I like to go swimming two or three times a week, and I like to swim a length for every year I’ve been alive. Up and down I go, counting the lengths, thinking about how old I’m getting and keeping an eye out for natural hazards. There are a lot of natural hazards in swimming pools.

You see that object face-down in the water? That’s the Drifter. He’s actually doing the breast-stroke but, like driftwood, he needs the ripples and currents caused by other swimmers to move him. It will take him twenty minutes to complete the length.

The large creature that’s just launched itself at the water and landed like a plank is the Bone-Digger. He thinks he’s a shark but he swims like a dog digging up a bone. He is a localised commotion; a splashing and thrashing of arms and legs; a tangle of movement unconnected with swimming. Sometimes I think I can hear him shouting. He manages two lengths and then clings to the side, head down, shuddering, sucking in air.

The pale woman with the chapped legs and the blotchy face is the Weaver. She sets off near-right and arrives far-left, crossing lanes at random, nodding and waving apologetically, peering anxiously through the choppy waters that lie ahead. She knows that soon, inevitably, a preternatural force will draw her into the path of the Swan Ladies.

The Swan Ladies move in a pack, three abreast, an expensive fragrance lingering in their wake. Length after length they glide up and down, heads clear of the water; talking, laughing, drinking tea. They can go on like this for ever, as poised as carousel horses. Despite her efforts, the Weaver bobs helplessly into their path. She disappears and then reappears behind them, bewildered but unharmed. They give no sign of having noticed her.

The tall elderly man standing up to his waist in water at the far end of the pool is the Wader. This veteran hoists his trunks up to his chest and gazes fiercely at his own feet before falling forwards. Below the surface he hovers a few inches above the floor, propelling himself forward with tiny hand movements until half-way along the length he stands up and strides slowly back to the starting point. He’ll do that for the next hour – amassing a vast distance in tiny segments.

The Club Swimmer arrives. She is magnificent. She wears goggles, earplugs, a nose-clip and a rubber swimming-cap.
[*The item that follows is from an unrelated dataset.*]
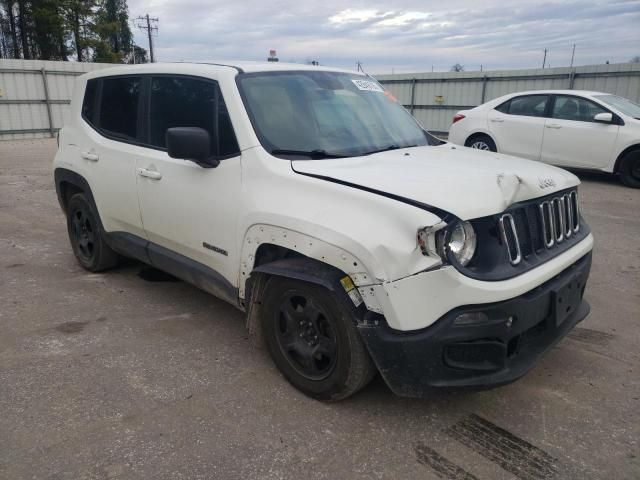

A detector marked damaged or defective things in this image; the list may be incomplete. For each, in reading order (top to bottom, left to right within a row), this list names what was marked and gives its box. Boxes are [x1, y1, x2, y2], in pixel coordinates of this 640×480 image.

damaged front bumper [360, 251, 596, 398]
She brings with her fins, bricks and weights. She ties herself up in complicated knots and undulates through the water like a dolphin. We all fear her.

All, that is, except West Coast Boy. He arrives in his brightly patterned board-shorts, slips silently into the water, completes thirty lazy lengths (tumble-turning at each end), and then vaults lightly onto the side, leaving scarcely a ripple. He shakes his floppy hair and ambles off.
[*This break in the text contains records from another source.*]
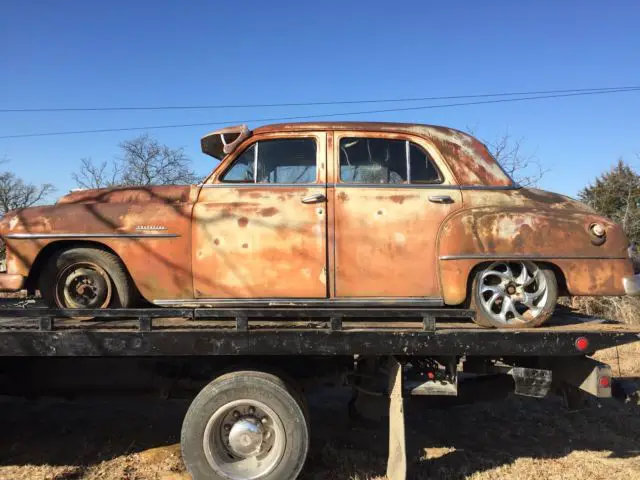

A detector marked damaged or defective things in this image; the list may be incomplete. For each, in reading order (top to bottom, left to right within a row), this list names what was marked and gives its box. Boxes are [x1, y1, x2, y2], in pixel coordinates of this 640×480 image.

rusty car [1, 122, 640, 328]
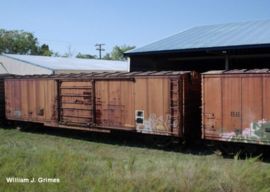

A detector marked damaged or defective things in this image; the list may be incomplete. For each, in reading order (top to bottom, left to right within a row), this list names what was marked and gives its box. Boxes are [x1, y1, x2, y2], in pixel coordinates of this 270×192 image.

rusty boxcar [4, 71, 200, 139]
rusty boxcar [202, 69, 270, 146]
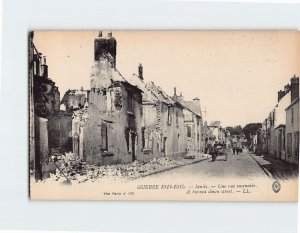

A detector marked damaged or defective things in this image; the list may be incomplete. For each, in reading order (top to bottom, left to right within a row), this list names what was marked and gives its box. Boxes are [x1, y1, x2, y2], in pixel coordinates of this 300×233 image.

burned out house [28, 31, 60, 180]
burned out house [82, 32, 143, 166]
There are other hazards – Bubbles Man, The Floater, the Love-Birds and of course, the horrifying Tiny Speedo. I’ve grown accustomed to them. They have been my watery companions for a long, long time; my fellow swimmers, gamely pursuing a means of locomotion for which none of us are designed – and I suppose, as I plow up and down the lengths counting out the years, I should spare a thought for what they might call me.